The book is easy to read, the concepts clear, and the discussion ample. But the details are few; the ideas seem pretty well established so if you are following this stuff not much new here. Overall Jeffrey Wood the editor from SAP did a nice job of walking the line between getting the company’s message out through thought leaders who are able to express themselves.
The fact that this book will get a market push, primarily with business execs means that its one that you should be aware of because people are going to ask about business network transformation – particularly if you have SAP.
- The book’s chapters are with real thought leaders and academics who are sharing their ideas presented in a BNT context.
- The book provides a comprehensive discussion of BNT from a strategy, IT, operations, measurement and innovation perspectives. This is not a one trick book.
- The individual chapter authors do a fairly good job of not repeating each other or contradicting each other, so it reads as a book about a single subject.
- The books chapters have been written to order – the idea of BNT – to varying degrees. This seems to be the idea that SAP is getting behind so because they are behind it the authors are at a minimum saluting the idea – this robs the reader of some deep discussion and analysis of the merit and pitfalls of the ideas behind BNT.

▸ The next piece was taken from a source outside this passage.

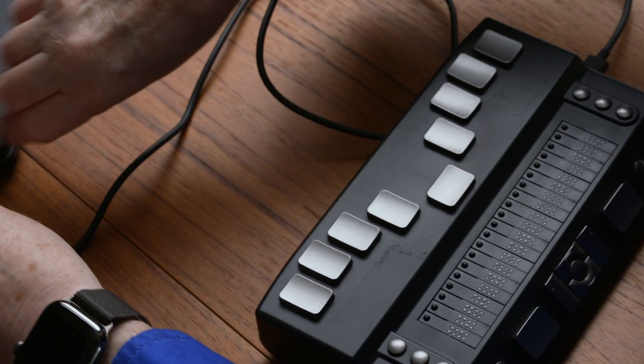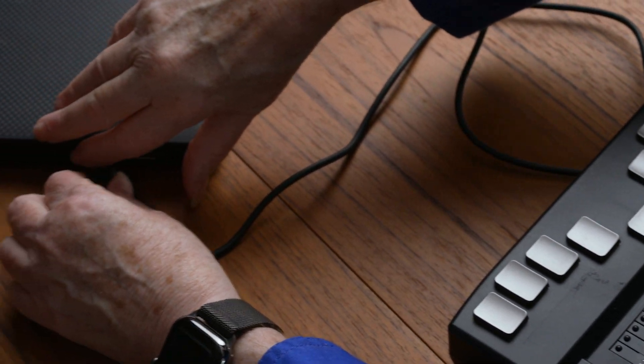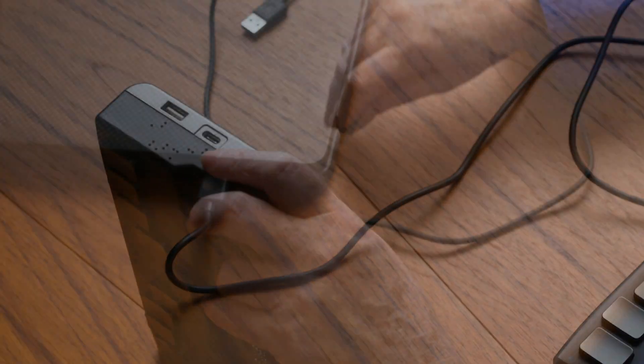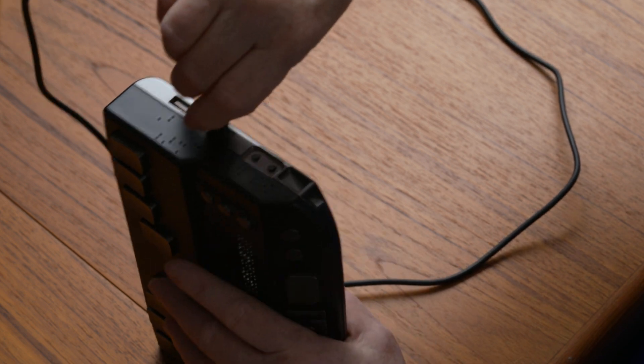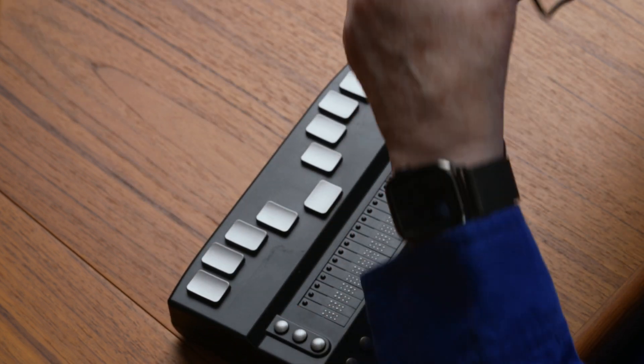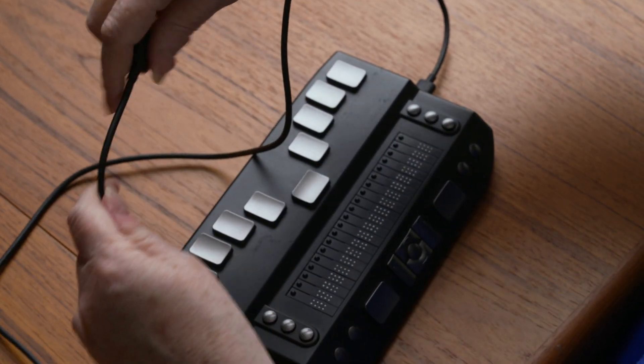Connect the eReader to the computer using the included USB cable. On the eReader end, you will be using the USB-C port, the smaller one, at the center of the unit on the right side. On the computer end, use any available USB port.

- There is little to no treatment of the finances and financial governance of these approaches. One of the things holding BNT’s back is how we account for them, particularly in a services environment. The book is largely and surprisingly silent on this point.
- There is much discussion and very little detail in the chapters about actual experiences, what works and what does not work. The authors seem to be at least one or two degrees removed from the actual case experience or the experience is a few years old.
The move to business networks is not particularly new. The discussion of them has been going on for some time and this book makes a valuable contribution to the discussion with 11 chapters focusing on different aspects of business networks. The chapters are:
1. Transforming your business network (Philip Lay and Geoffrey Moore) – a general introduction into the idea and an attempt to brand BNT as a business term.
2. Business Network Transformation IN action (Marco Iansiti and Ross Sullivan) – a discussion of the BNT ideas in general with surprisingly general case studies. This is a repeat of Iansiti’s Keystone Advantage HBR 2004.
3. Creating superior customer value in a connected world (Sawhney and Gulati) – provides a comprehensive but conservative view on BNTs.
4. Shrinking core, expanding periphery: the relationship architecture of high-performing organizations (Gulati and Kletter) is a reprint of a California Management Review 2005 article which provides some helpful frameworks for thinking about the different stages. But, it’s a little dated particularly if you have been following research in the area.
5. Product leadership in a network era (Venkatraman) – provides a logical and complete description of the product opportunities, but again nothing earth shattering here.
6. Driving collaborating success in global process networks (Hagel III, Seely Broun, Kasthururangan) features some good case studies on Li & Fung and other companies. This chapter is probably the best of the book.
7. Operational excellence: the new lever for profitability and competitive advantage in a networked world (Russell) – perhaps the worst chapter in the book as it is an extended info-mercial for the balanced scorecard and strategy maps.
8. Constructing and managing innovation in business networks (Chesbrough) a good chapter that rehashes the author’s concepts about open innovation. I would suggest the book as being better.
9. Value of trust in business networks (Dyer) – a good discussion of the issue of trust in the automobile industry which is highly networked.
10. The role of IT in business network transformation (McAfee) – the discussion is a little overly simplistic regarding the use of IT in creating networks and the examples are more seasoned (older) The author quickly moves to his definition of Enterprise 2.0 and does not provide much guidance.
11. Road map to transform your business network (Lay and Moore) — Exactly the type of wrap-up chapter you would expect complete with a maturity model for BNT that requires a full suite of ERP tools. I am sure you will see in consulting and other presentations.